Millenials most likely never caught that scene in Now, Voyager where a suave Paul Henreid shares a smoke with femme fetale Bette Davis. Looked cool. Too bad most Millenials never saw Now, Voyager starring Paul who and Bette what. In black and white! Anathema. The scene was iconic, and very cool. But unless their Hulu stream is deep, viewers were smoking before the queue caught up.

Folks smoke to reduce stress. Looking cool caught smoking is so 20th Century. Passe. Stress, anxiety, headaches. The stuff of legend to the working class. Nothing cool there. Not to day traders, cops or willing educators. Stress is the total opposite of cool. Neither is the escape, be it cigarettes, beer or reds.

Put that in your pipe, lobbyists. And suck…


Nick Naylor (Eckhardt) is a dream. He’s a death merchant with a heart of gold. He’s a dedicated dad who’s got his son’s best interests in mind. He’s a committed business man committed to wreck and ruin. He’s hopelessly naive and keenly aware of the duties of his chosen profession. Of which is deplorable.

Nick is a lobbyist on the part of Big Tobacco. His job? Use his gift of gab to both decry and admit to the ups and downs of smoking in the same sentence. He’s very good at this spin, much to the chagrin of the people (barely) close to him. Like his son.
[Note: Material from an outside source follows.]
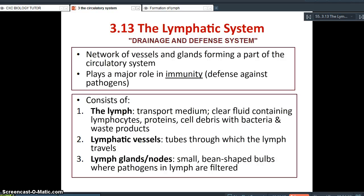The lymphatic system also consists of lymph glands or nodes — these terms mean the same thing. They are small bean-shaped bulbs where pathogens in the lymph are filtered. The lymph nodes contain lots of white blood cells — lots of lymphocytes — to help attack and get rid of these pathogens.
Nick’s job security is in flux. Turns out the Millenials are cleaning up their act. Smoking ain’t as “cool” as it used to be. Media, both open and social are decrying cigarettes and in turn folks are hanging up their Bics. Nick’s boss B.R. (Simmons) has made/concocted a scheme to secure their post. He sends Nick on his way to meet The Captain (Duvall), a venerated tobacco baron. The Captain has a ploy to make smoking “cool” again: get cigarettes in the back in the movies. Worked in his youth. So say Nick, how’s your generation coughing lately?

This would be Nick’s ultimate pitch, against all odds for his odious career to really take flight. Too bad tough-on-tobacco (the fantastically named) Senator Ortolan Finisirre (Macy) has his dander up. The opposite of Nick’s crusade, the senator views his crushing Big Tobacco would make his mark in the Senate.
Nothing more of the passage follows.